Internet at 50 years: Celebrating Three Victories

Citation

The internet had a rather unobtrusive 50th birthday on October 29, 2019, celebrated in a low-key style mainly in the quiet hallways frequented by technologists. It has come a long way from the first unintended message “lo” sent by Leonard Kleinrock and Charley Kline in UCLA to SRI in Menlo Park. Much has been written about the health of the internet today and some has been written about where we are headed. In this post, I give a personalized take on three things that I think we have to celebrate about the internet today and the amazing lining up of brilliant geniuses, corporate interests, and circumstantial discoveries that led us to these. In the follow-up article, I give my list of three items where we have work to do to make the internet an even better accompaniment for humanity.

Watson, I Do Hear You

Hands down, the big win, the egalitarian win, has been in the way the internet has helped connect people across the world, across social, economic, and geographical boundaries.

The connection can happen whether you are at the end of a lowly feature phone or behind a style icon Apple product. The connection can happen whether you are among the uber connected or among those who have to watch every Kilobyte of data because it costs so much.
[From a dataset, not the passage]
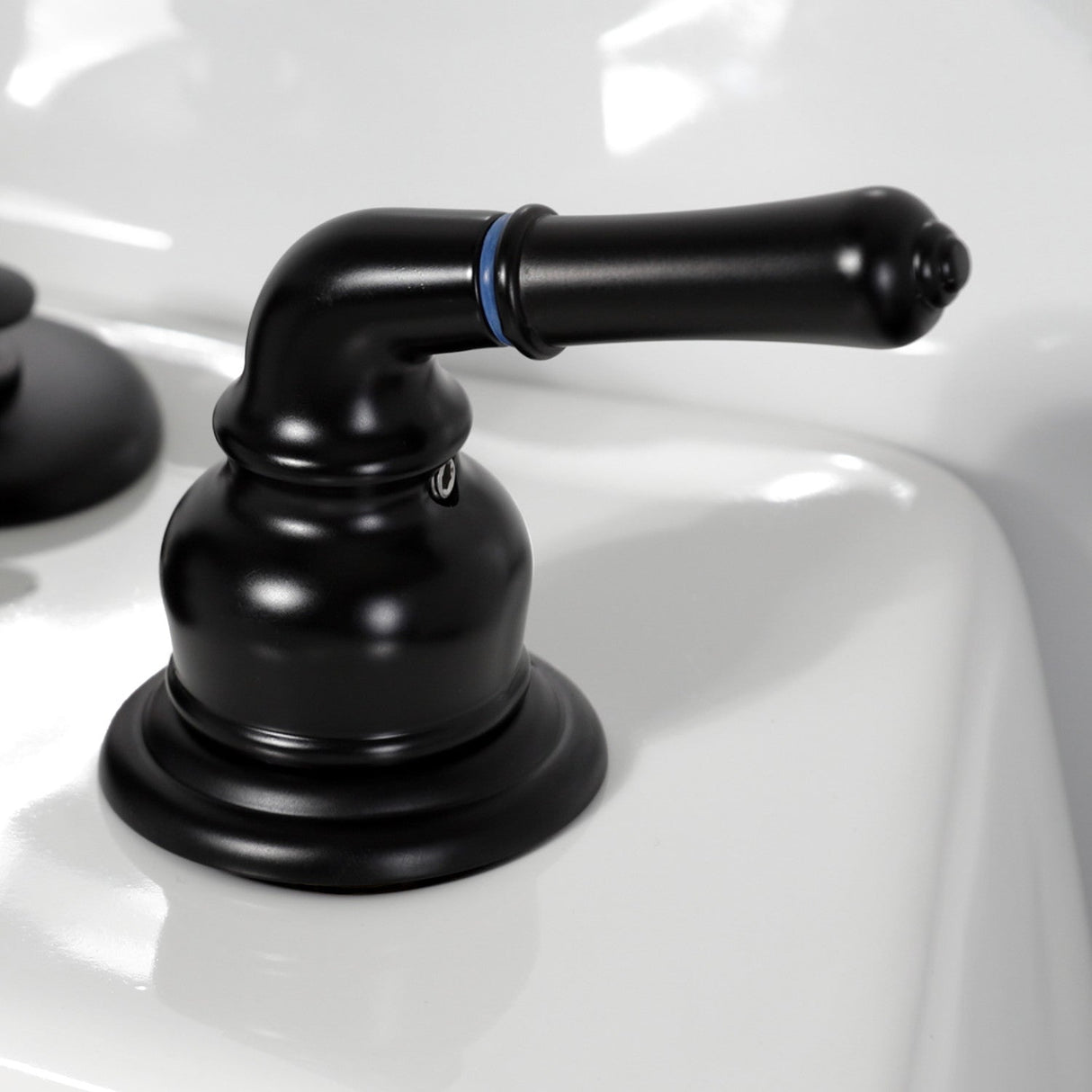 Magellan KB320 Three-Handle Deck Mount Bidet Faucet with Brass Pop-Up, Matte Black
Sure, the quality of the connection will vary, determining whether you can play an online multiplayer game or have to content yourself with the plebeian email. But to a majority of the world, the internet has brought the medium to communicate down to a reachable limit. This is quite a wonder, even to us who know the innards of its workings, considering how many different computing platforms and network devices there are. But thanks to the world agreeing to use some standard protocols (TCP, UDP, IP, HTTP … need I befuddle you more with the alphabet soup), this seemingly wondrous aspiration has become routine.

It is a majority of the world that can connect but only a bare majority. To some parts of that majority too, it has to go through hoops like VPN and Tor to ensure that the communication is safe. But to that part of the world, the internet has given the ability to communicate in almost real-time at low cost and effort. Sure, the romantic picture of a long-delayed and much-awaited postal mail is now lost forever. But all taken together, I will put the ubiquitous communication firmly in the positive column.
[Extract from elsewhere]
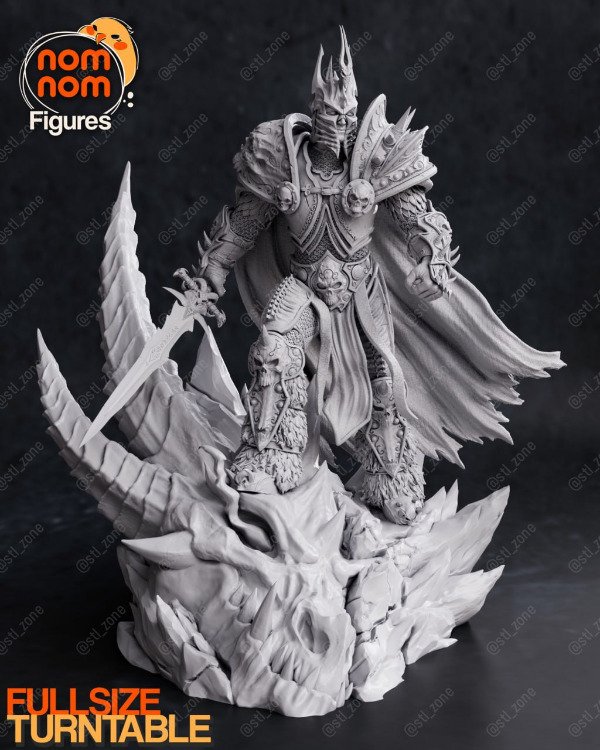 Producto - Figura Arthas Lich King 3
Credit: Liz Montague, New Yorker Cartoons, March 11, 2019.

Fly, Fly Away

Freeing of information to roam in the vast reaches of the internet is another big win. This is not an unblemished win but still comes down strongly on the right side of the ledger.

The internet has been the big enabler for information to free itself from shackles. Shackles that had been put upon it by high pundits who believed that information is best kept in hard-to-reach ivory towers. Information in the form of streams of zeroes and ones, the bits and the bytes are stored in a dizzying variety of places and are communicated through a dizzying array of communication technologies to be consumed on a dizzying range of devices. The data is thus plentiful and those who can conjure knowledge out of all that data are the magicians of today. But without the enabling mechanism of the internet, the best data analytics algorithms would not be able to do their magic.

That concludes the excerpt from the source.